Camorra, beni per 10 milioni “pignorati” al boss Michele Zagaria

di Redazione

Michele ZagariaCASERTA. La Guardia di Finanza ha provveduto al sequestro conservativo di beni del valore di 10 milioni di euro riconducibili al superlatitante del clan dei Casalesi Michele Zagaria.

Il provvedimento, emesso dal gip di Napoli, su richiesa della Dda partenopea, ed eseguito dal Gico e dallo Scico di Roma, riguarda beni mobili, immobili e disponibilità economiche e finanziarie. Sono in tutto 15 le persone destinatarie di questo provvedimento di sequestro, tra cui Carmine, fratello del latitante, e Nicola, padre di Michele, nonché due imprenditori considerati dagli inquirenti storici riferimenti del clan.

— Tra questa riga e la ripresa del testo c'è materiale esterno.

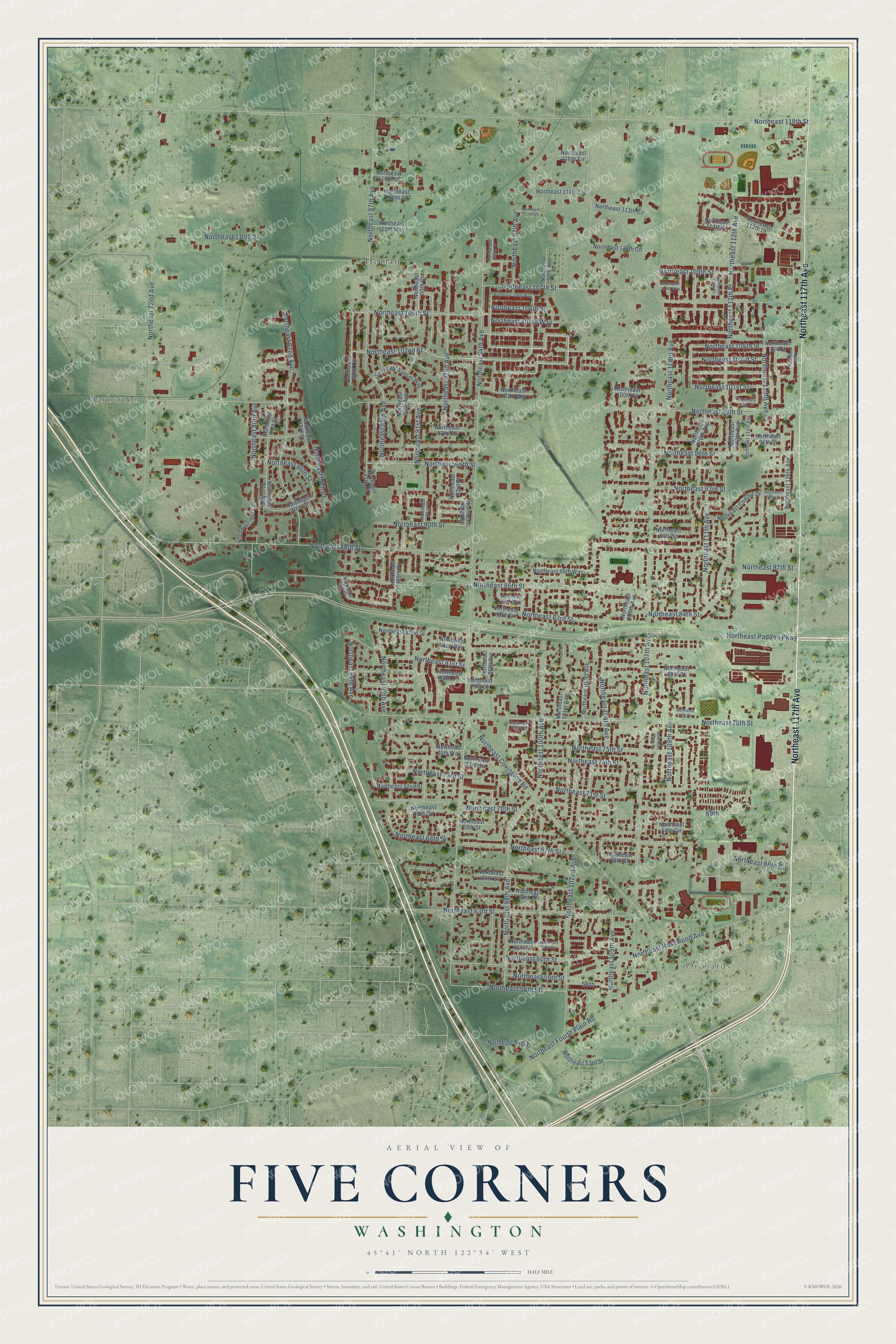 Full map of Five Corners, Washington, with red buildings, printed street names and the land around them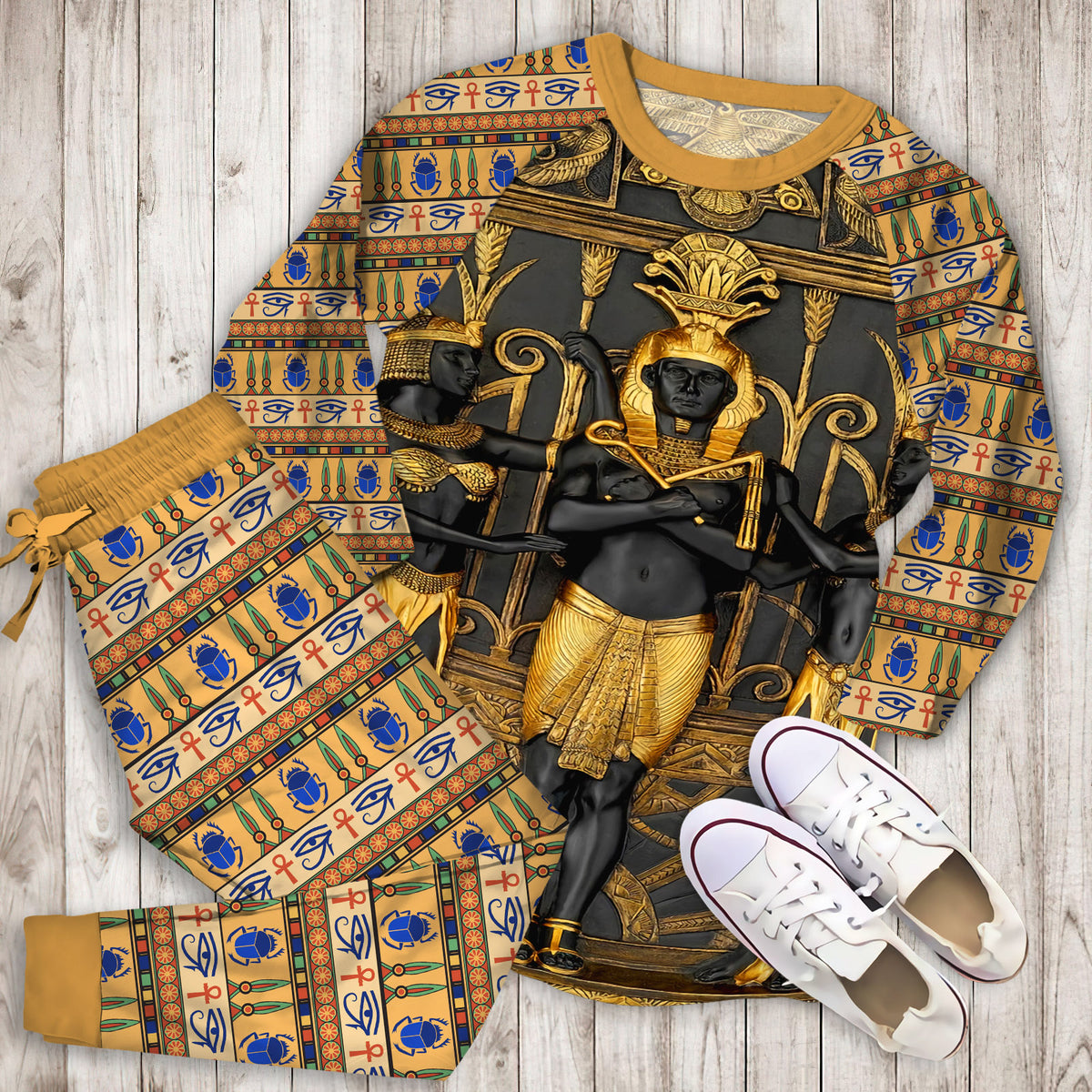 Ancient Egypt Gold Brown Polyester Pajama Set | Pajamas | Cotton Sleepwear Sets | Soft Long Sleeve Pjs | Raglan Shirt and Pants Set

“Il provvedimento si inserisce – si legge in una nota firmata dal procuratore aggiunto Federico Cafiero de Raho – in una scelta della Procura utile a garantire il pagamento delle spese giudiziarie da parte di persone condannate per reati gravi che, molto spesso, sottraggono risorse preziose allo Stato”. Nel caso specifico del gruppo Zagaria è stato calcolato che le spese sostenute dalla giustizia ammontano a circa 1 milione e mezzo di euro. Il denaro ‘investito’ dallo Stato riguarda, in particolare, intercettazioni telefoniche e ambientali, la custodia cautelare e la celebrazione dei processi nel corso dei quali vengono spesso utilizzate le videoconferenze.

“In larga parte – precisa de Raho – sono spese che diventano estremamente elevate proprio perché gli appartenenti alle organizzazioni criminali utilizzano strumenti sempre più sofisticati, anche dal punto di vista tecnologico, per sfuggire alle indagini della magistratura ingaggiando una vera ‘sfida tecnologica’ provocando un’impennata dei costi per l’istruzione e la celebrazione dei procedimenti giudiziari”.A tal proposito la legge prevede la possibilità di richiedere al giudice, dopo l’esercizio dell’azione penale, un vincolo conservativo sui beni di chi è stato rinviato a giudizio. Una sorta, dunque, di pignoramento a garanzia del credito dello Stato per le cosiddette spese di giustizia. Si consente, in questo modo, allo Stato di recuperare i costi sostenuti per le indagini e il processo.

“Il provvedimento – spiega de Raho – si iscrive nella logica di rendere finanziariamente autosufficienti i procedimenti per reati di criminalità organizzata i cui costi sono divenuti insostenibili e di fornire al ministero della Giustizia una procedura agevolata per riscuotere, rapidamente e con efficacia, le spese al pagamento delle quali tutti i condannati sono tenuti”.